C language doesn’t offer support for object oriented programming, but it’s not necessarily an obstacle. Actually, it’s been used behind the scenes for a long time. Let’s see how Python interpretor implements it own class inheritance in C.
The Python Way
Python is an object oriented language, it’s possible to write a base class and classes deriving (subclasses) from it. However, the interpretor (CPython) is written in C and, as mentioned, C doesn’t offer such support. So, let’s see how they implement it.
PyObject is the base class in Python, it’s the mother of everybody else.
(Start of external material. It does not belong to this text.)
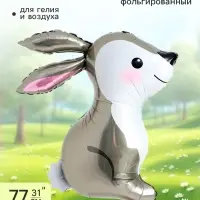 Воздушный шар фольгированный 31" &laquo;Заяц&raquo;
But, in C, it’s a simple struct
with some fields #defined _HEAD_
, which are inhered (actually it’s defined) by any of its subclass.
// http://svn.python.org/view/python/trunk/Include/object.h
...
#define _PyObject_HEAD_EXTRA
#define _PyObject_EXTRA_INIT
...
#define PyObject_HEAD \
_PyObject_HEAD_EXTRA \
Py_ssize_t ob_refcnt; \
struct _typeobject *ob_type;
#define PyObject_VAR_HEAD \
PyObject_HEAD \
Py_ssize_t ob_size; /* Number of items in variable part */
typedef struct _object {
PyObject_HEAD
} PyObject;
See below the children of PyObject
: PyStringObject
, PyFloatObject
, and PyListObject
. But how do I know that they’re children of PyObject? It’ll be clearer later, but take a look at the structures definitions, they all have PyObject_HEAD
or PyObject_VAR_HEAD
(which also starts with PyObject_HEAD
) field.
// http://svn.python.org/view/python/trunk/Include/stringobject.h
typedef struct {
PyObject_VAR_HEAD
long ob_shash;
int ob_sstate;
char ob_sval[1];
} PyStringObject;
// http://svn.python.org/view/python/trunk/Include/floatobject.h
typedef struct {
PyObject_HEAD
double ob_fval;
} PyFloatObject;
// http://svn.python.org/view/python/trunk/Include/listobject.h
typedef struct {
PyObject_VAR_HEAD
PyObject **ob_item;
Py_ssize_t allocated;
} PyListObject;
A simple class diagram could be made from those structures:
Casting
Here the magic begins. In the code below focus on return ((PyListObject*)op)->ob_item[i]
.
Do you know type casting? In a nutshell, it’s the way to force the conversion between two different data types. In C, casts are usually dangerous and must be used wisely.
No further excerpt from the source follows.